Decompositions: Photography by Nancy Macko

October 5, 2024–January 11, 2025

Nancy Macko, Odalisque, 2020, archival pigment print, courtesy of the artist

Artist and Scripps College professor Nancy Macko’s new body of work, Decompositions, transports viewers through art history and the cycles of life. In more than 40 photographs of her kitchen compost bin, Macko transforms the ordinary into the extraordinary. Discarded onion and garlic skins, apple peels, cauliflower florets, asparagus stalks, and artichoke leaves create both ethereal and earthy scenes. The images are simultaneously realistic and abstract, evoking artistic traditions from the Renaissance to Surrealism. A visual alchemy of art and science, loss and transformation, the exhibition is a striking exploration of scale and time as well as a serene meditation on decay as a new beginning.

“In these works,” notes art historian and Scripps College Professor Emerita Dr. Mary MacNaughton, “fluid space and diaphanous color seduce, then startle viewers, as they slowly realize that the forms depicted are decomposing vegetables . . . . During 2020, the COVID-19 year of social isolation, Macko began this photographic series when, as she explains, ‘my home was my solace’ and the ‘kitchen compost became a great source of inspiration for me, as it represented not only what scraps we could recycle, but also the love and care that went into the preparation of our food.’”

Decompositions is curated by Dr. Erin M. Curtis, Gabrielle Jungels-Winkler Director of Scripps College’s Ruth Chandler Williamson Gallery. Dr.
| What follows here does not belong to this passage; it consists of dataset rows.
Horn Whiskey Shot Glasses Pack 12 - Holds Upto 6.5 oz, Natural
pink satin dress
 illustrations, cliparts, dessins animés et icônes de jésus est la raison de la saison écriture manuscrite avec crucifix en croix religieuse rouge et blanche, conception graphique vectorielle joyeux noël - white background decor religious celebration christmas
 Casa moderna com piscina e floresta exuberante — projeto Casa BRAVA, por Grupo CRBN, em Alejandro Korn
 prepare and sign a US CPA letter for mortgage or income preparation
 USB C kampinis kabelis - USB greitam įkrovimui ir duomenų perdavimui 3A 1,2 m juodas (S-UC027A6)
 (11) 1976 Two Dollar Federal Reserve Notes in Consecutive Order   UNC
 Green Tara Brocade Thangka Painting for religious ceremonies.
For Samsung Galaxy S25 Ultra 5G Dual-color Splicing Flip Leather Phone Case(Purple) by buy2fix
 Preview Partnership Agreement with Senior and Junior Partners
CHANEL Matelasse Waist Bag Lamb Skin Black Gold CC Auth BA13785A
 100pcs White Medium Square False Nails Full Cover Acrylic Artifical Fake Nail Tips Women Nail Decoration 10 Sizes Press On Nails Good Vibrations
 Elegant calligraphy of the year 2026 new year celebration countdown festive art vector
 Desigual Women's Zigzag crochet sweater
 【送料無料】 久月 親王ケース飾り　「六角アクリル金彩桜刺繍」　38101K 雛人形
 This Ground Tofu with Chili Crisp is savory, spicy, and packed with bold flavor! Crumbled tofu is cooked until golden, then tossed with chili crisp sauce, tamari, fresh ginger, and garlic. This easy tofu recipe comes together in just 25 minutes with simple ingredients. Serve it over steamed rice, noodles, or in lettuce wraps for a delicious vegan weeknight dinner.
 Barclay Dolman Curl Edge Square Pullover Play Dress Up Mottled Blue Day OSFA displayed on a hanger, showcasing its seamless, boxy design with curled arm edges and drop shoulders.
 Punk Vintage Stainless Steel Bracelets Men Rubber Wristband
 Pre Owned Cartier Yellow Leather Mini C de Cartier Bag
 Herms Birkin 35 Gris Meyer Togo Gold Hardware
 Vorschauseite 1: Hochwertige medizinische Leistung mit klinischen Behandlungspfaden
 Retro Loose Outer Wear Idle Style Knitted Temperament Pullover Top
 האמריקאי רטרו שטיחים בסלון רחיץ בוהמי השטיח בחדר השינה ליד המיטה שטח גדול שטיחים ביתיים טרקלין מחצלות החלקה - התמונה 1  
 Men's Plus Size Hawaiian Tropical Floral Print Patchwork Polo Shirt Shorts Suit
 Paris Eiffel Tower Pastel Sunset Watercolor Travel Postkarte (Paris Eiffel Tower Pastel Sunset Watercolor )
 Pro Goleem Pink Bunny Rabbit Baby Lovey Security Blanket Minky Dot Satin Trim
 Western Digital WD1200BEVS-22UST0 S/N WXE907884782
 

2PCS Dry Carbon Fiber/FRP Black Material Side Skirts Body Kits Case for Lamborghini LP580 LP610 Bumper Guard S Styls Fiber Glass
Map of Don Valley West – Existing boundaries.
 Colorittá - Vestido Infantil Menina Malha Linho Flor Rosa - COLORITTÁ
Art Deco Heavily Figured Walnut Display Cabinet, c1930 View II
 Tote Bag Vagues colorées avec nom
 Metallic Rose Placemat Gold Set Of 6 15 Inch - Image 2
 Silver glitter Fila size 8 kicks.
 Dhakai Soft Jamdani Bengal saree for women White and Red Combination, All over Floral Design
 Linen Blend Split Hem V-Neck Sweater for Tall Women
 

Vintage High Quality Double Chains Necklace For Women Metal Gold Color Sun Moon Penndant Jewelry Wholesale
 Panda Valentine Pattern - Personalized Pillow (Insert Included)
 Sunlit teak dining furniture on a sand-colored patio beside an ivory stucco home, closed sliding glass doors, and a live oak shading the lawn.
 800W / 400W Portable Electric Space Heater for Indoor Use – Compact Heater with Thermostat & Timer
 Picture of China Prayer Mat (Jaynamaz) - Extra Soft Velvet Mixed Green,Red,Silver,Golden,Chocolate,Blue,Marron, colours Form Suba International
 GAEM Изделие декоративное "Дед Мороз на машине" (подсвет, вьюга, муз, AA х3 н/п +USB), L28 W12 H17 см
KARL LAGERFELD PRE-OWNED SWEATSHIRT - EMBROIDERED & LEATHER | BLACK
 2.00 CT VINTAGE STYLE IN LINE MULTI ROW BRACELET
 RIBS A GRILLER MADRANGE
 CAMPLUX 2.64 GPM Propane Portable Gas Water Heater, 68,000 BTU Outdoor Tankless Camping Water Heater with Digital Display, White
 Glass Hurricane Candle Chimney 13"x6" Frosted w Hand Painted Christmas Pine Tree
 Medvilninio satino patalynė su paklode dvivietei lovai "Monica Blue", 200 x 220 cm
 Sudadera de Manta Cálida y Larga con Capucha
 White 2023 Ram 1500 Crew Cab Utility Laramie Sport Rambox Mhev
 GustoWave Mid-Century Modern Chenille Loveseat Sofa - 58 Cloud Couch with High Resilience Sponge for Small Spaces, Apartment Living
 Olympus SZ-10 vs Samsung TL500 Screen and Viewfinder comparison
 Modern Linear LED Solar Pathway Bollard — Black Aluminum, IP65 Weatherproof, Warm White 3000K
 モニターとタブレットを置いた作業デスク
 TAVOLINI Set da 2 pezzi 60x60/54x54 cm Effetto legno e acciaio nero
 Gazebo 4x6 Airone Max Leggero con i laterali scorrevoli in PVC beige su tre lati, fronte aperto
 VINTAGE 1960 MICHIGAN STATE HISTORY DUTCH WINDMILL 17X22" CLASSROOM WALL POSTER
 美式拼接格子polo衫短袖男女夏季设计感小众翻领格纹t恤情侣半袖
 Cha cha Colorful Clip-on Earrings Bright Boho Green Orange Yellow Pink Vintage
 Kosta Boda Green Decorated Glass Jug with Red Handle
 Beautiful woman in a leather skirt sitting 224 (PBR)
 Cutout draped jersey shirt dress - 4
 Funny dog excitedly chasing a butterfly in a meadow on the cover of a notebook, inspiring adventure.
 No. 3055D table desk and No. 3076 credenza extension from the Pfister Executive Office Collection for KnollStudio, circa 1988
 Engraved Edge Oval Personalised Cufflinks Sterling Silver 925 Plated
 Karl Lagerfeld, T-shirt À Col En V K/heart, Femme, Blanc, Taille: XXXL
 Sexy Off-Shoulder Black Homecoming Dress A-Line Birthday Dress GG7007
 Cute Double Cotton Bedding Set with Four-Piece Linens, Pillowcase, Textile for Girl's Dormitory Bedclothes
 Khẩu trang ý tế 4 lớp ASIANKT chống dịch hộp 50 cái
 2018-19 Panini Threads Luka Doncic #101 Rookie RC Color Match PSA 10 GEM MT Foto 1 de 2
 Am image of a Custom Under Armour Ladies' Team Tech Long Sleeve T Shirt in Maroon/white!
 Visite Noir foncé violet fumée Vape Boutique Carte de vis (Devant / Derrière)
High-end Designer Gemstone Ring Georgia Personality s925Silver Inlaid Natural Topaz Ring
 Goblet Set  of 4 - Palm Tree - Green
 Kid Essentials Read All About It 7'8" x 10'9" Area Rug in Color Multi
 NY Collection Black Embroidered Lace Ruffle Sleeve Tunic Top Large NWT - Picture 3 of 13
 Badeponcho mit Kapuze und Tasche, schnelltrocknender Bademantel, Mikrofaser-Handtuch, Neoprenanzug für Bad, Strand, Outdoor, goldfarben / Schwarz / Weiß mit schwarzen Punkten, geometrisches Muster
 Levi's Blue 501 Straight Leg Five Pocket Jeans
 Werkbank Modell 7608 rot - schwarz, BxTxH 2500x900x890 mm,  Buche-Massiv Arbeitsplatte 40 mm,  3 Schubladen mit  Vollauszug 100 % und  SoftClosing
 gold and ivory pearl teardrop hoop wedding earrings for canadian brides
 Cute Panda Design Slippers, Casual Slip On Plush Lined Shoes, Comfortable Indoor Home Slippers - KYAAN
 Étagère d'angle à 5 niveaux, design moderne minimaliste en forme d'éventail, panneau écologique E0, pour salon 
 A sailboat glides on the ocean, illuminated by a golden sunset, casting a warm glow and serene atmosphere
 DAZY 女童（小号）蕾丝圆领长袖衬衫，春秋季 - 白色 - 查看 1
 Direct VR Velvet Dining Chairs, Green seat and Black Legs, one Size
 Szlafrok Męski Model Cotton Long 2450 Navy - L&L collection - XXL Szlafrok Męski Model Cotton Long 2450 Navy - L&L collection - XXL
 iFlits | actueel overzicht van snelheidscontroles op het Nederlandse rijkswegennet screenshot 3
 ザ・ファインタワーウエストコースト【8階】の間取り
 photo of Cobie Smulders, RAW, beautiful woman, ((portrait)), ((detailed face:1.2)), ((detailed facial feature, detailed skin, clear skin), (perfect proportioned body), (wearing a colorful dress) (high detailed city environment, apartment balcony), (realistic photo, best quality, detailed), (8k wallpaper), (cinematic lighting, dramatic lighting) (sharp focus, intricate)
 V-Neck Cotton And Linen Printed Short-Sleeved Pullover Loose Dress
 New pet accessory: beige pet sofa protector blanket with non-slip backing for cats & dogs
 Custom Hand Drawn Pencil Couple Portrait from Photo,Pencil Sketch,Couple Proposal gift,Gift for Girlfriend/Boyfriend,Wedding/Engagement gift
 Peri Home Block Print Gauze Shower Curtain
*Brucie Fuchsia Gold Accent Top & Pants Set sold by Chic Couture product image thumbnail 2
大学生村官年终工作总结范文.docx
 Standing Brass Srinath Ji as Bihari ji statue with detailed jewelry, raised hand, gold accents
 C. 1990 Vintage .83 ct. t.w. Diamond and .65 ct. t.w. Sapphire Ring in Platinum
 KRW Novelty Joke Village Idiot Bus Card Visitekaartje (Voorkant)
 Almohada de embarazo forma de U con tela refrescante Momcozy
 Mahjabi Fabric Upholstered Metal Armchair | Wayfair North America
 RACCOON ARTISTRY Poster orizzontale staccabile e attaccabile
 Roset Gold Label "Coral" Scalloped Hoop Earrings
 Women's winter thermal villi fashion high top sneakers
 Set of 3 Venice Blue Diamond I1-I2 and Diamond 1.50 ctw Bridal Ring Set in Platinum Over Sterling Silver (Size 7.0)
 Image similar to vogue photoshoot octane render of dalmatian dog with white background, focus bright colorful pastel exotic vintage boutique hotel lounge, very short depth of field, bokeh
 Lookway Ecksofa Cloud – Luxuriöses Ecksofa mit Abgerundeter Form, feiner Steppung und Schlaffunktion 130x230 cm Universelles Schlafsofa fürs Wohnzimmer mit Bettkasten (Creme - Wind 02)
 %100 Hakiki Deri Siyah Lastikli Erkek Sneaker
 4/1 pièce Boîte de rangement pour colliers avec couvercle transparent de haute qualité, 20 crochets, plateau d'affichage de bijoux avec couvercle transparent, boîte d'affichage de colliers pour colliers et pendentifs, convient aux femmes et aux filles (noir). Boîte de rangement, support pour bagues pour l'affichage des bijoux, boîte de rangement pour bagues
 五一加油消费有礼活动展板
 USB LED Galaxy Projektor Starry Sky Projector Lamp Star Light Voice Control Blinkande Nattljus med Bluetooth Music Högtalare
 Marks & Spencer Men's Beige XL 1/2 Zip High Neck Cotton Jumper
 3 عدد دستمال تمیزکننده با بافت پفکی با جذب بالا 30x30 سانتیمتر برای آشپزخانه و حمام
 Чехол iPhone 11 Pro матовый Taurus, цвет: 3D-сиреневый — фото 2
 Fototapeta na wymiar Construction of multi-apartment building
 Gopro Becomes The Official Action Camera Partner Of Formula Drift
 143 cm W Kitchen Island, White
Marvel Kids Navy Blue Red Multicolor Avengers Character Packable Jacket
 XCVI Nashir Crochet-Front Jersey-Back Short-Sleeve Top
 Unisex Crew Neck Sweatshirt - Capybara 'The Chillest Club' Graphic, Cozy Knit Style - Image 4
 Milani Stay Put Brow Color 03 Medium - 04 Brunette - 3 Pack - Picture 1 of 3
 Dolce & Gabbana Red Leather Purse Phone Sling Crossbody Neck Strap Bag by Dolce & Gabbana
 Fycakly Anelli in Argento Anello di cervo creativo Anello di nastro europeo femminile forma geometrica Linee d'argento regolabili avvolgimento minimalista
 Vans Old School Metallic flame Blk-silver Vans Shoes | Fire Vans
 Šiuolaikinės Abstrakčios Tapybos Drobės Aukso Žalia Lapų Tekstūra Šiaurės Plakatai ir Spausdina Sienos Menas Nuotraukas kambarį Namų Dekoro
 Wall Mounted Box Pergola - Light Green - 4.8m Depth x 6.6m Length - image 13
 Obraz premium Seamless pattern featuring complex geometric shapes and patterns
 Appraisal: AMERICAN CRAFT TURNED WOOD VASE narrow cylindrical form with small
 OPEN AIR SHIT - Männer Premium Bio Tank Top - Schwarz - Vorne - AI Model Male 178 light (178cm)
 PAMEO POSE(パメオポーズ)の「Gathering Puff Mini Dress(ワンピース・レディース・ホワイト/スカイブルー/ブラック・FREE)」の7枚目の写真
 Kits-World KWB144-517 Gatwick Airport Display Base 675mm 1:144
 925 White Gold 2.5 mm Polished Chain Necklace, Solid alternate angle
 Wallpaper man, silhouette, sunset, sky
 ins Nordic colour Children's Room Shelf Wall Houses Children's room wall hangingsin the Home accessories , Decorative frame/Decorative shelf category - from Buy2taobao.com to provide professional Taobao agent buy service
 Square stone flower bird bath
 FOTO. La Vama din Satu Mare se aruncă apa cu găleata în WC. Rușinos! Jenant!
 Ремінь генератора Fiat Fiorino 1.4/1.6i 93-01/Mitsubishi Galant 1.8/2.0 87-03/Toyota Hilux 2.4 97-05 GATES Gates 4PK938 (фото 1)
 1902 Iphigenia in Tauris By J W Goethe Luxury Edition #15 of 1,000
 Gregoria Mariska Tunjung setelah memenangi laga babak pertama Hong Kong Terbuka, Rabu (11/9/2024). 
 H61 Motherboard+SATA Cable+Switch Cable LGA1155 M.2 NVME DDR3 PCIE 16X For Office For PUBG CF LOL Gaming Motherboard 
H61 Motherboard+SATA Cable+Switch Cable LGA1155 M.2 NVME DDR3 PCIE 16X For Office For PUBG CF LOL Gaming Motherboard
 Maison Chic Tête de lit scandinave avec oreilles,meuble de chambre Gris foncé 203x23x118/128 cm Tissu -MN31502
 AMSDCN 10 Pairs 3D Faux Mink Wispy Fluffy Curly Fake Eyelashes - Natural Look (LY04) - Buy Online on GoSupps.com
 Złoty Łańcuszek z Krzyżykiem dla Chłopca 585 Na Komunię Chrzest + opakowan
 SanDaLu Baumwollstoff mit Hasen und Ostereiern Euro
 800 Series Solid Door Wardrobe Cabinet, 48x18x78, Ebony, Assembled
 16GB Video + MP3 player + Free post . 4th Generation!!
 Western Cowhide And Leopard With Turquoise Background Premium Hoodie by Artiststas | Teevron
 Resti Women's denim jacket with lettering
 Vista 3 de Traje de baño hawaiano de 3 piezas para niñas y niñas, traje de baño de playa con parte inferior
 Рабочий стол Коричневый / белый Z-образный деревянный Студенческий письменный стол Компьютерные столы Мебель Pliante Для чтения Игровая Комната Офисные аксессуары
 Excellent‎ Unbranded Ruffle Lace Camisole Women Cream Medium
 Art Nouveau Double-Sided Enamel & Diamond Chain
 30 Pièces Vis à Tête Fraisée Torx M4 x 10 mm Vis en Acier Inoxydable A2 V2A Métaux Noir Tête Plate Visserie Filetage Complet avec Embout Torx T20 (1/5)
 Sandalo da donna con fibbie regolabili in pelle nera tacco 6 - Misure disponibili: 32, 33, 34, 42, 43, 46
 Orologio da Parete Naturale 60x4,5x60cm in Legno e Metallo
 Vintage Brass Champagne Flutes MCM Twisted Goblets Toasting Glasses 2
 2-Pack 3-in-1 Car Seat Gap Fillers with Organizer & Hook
Curtis hails Macko as a “groundbreaking queer and ecofeminist artist” and likens her photographs to “French theorist Michel Foucault’s concept of heterotopias as enumerated in The Order of Things: An Archaeology of the Human Sciences: unsettling spaces that both mirror and distort the realities beyond their boundaries.” “Ultimately,” comments Curtis, “Decompositions reveals the infinite possibilities of the everyday, the discoveries that await those who seek.”

Decompositions magnifies and illuminates worlds within worlds, reminding viewers that every ending contains seeds of renewal.